ISMIR2004
 
Melody Extraction Contest

 

 

Table of contents

 

1.      Purpose. 1

2.      Organizing committee. 1

3.      Calendar 1

4.      Tuning set 1

5.      Test set 2

6.      Format for submissions 2

7.      Submission procedure. 2

8.      Evaluation metrics 2

8.1.   Option 1. 2

8.2.   Option 2. 4

8.3.   Option 3. 5

9.      List of participants 5

10.    Evaluation results 5

11.    References 6

12.    Annex 1: Tables with results 7

1.    Purpose

The purpose of the ISMIR2004 Melody Extraction Contest is to compare state-of-the-art algorithms for melody detection within polyphonic audio: singing voice and solo instrument.

2.    Organizing committee

The ISMIR2004 Melody Extraction Contest has been organized by the MTG-UPF. The organization committee for this contest is composed, in alphabetical order, by:

-          Emilia Gómez (emilia.gomez@upf.edu)

-          Beesuan Ong (beesuan@iua.upf.es)

-          Sebastian Streich (sstreich@iua.upf.es)

3.    Calendar

ˇ         June 28: Final definition of the contest rules

ˇ         July 1-5: Tuning data made available to participants

ˇ         September 7: Deadline for participant submission of the algorithms (anonymous participation is allowed)

ˇ         October 10-14: Publication of the results of the tests.
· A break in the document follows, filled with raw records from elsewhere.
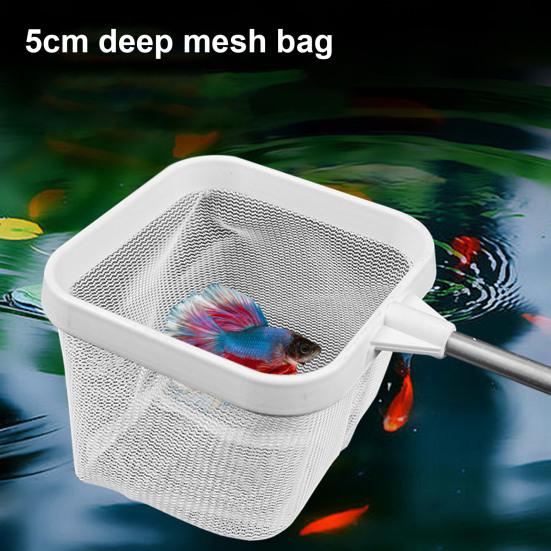 Сачок для аквариума с телескопической ручкой из нержавеющей стали, более глубокая сетка, квадратная сетка для аквариума, для креветок, остатков корма для мальков рыб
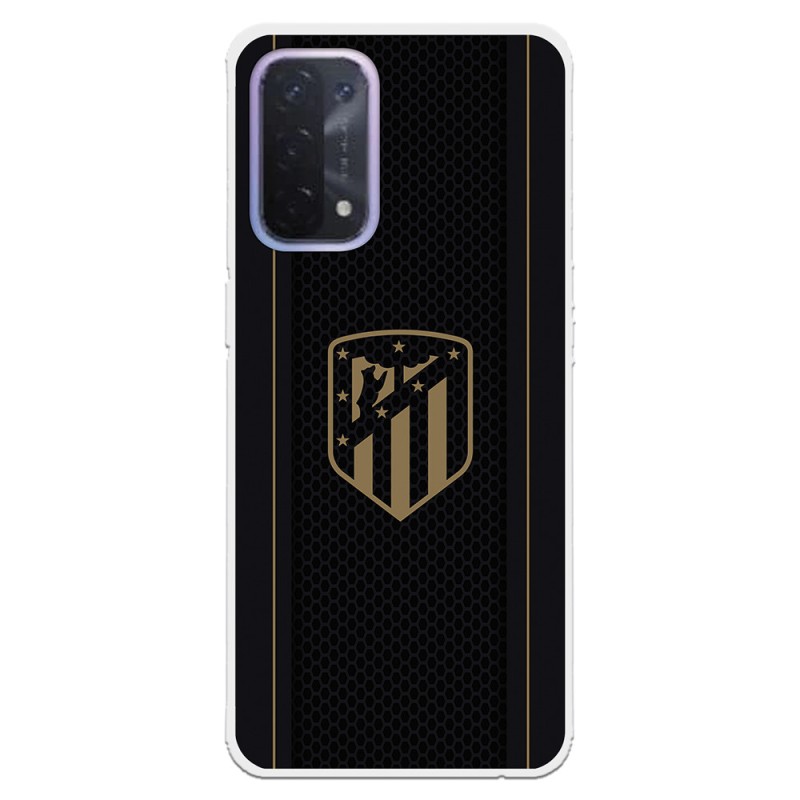 Funda para Oppo A74 5G del Atleti Escudo Dorado Fondo Negro - Licencia Oficial Atlético de Madrid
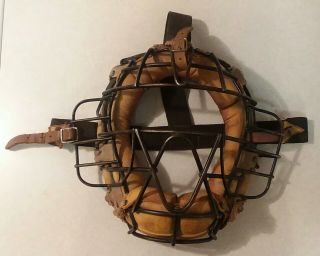 Vintage Early Rare Wilson Catchers Mask Spitter Face Guard Metal Cage Leather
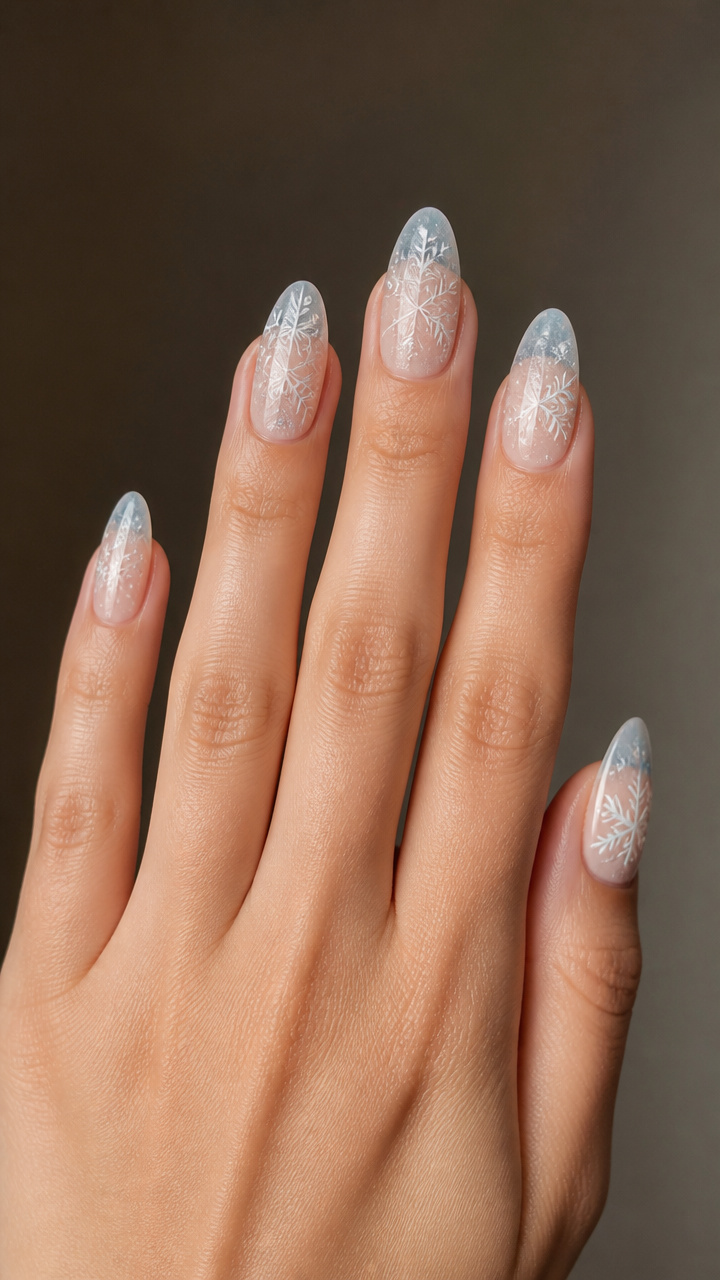 Frosted Glass Effect with Etched Snowflake Patterns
Prizes will be delivered during the ISMIR 2004 conference in Barcelona

4.    Tuning set

10 audio excerpts with a melodic transcription of the predominant voice are available for participants to tune their algorithms:

 

ˇ         2 items consisting of a MIDI synthesized polyphonic sound with a predominant voice.

ˇ         2 items of saxophone melodic phrases plus background music.

ˇ         2 items generated using a singing voice synthesizer plus background music.

ˇ         2 items of opera singing, one with man and another with a woman voice.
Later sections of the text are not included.